17 Eder, Evans et Parker expliquent (1995, 138-9) : « Through their narratives and performances girls attempted to avoid seeming to be sexually innocent. Boys face a similar issue of wanting to appear sexually sophisticated. Unlike boys, girls who have too much sexual interest or assertiveness are also to be scorned. And, as many girl know, the thin line between being sexual enough without being too sexual is often a continually disappearing one. Because girls fear being ostracized for sexual activity as well as sexual innocence, Michelle Fine found that few girls were willing to speak up in sex education discussions. »

18 Ma traduction de : « Studies of elementary students imply that popular students are the best-liked. This was definitely not the case in this school. Instead we were told that popular people were the most visible in the school. They were the students most people knew by name. » (Eder, Evans et Parker, 1995, 32)

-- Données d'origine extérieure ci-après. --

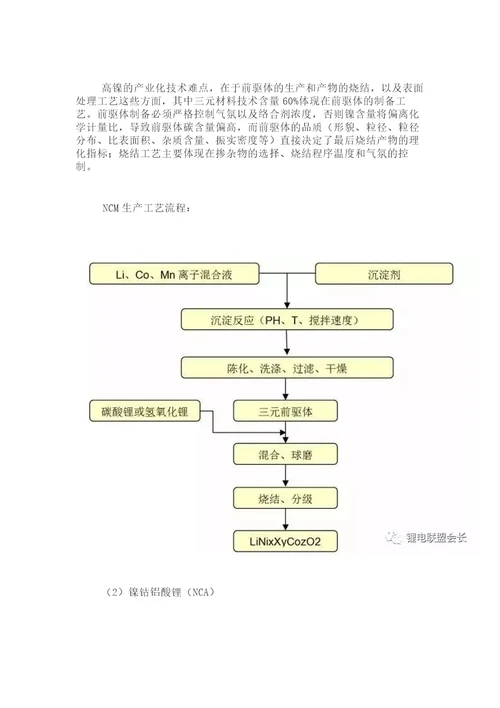 三元材料行业定义及三元材料产业链图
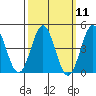 Long Beach tide chart for Monday, March 11, 2024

Afin de présenter en quoi cette entrée par l’espace nourrit la compréhension de l’espace scolaire comme fabrique des rapports sociaux, faisons un pas outre-manche. Nous avons vu que, dès la fin des années 1960, et l’ouvrage fondateur de Opie et Opie (1969) sur les jeux des enfants dans la rue, des travaux interrogent le développement des compétences des enfants dans leur environnement (terrain de jeu, cour de récréation). Dans les années 1990, la spatialité devient un thème central de la recherche sur la fabrique de l’enfance, des enfants et de leurs quotidiens. Ce thème est encouragé par un champ émergeant : la géographie des enfants et des jeunes.

LA GÉOGRAPHIE DES ENFANTS ET DES JEUNES OU L’ESPACE AU CŒUR DES ÉTUDES SUR L’ENFANT ET L’ENFANCE

C’est dans les années 1990, et principalement dans le monde anglophone, que la géographie commence à s’intéresser aux enfants, un public jusqu’alors marginalisé au sein de la discipline parce qu’assimilé aux champs de la psychologie ou des sociologies de l’éducation et de la jeunesse. Après avoir présentées les spécificités de cette sous-discipline et de ses apports sur le monde scolaire, je discuterai de ses frontières disciplinaires avec la géographie de l’éducation. Cette sous-partie, volontairement disciplinaire, présente l’intérêt d’une entrée géographique pour interroger le monde scolaire.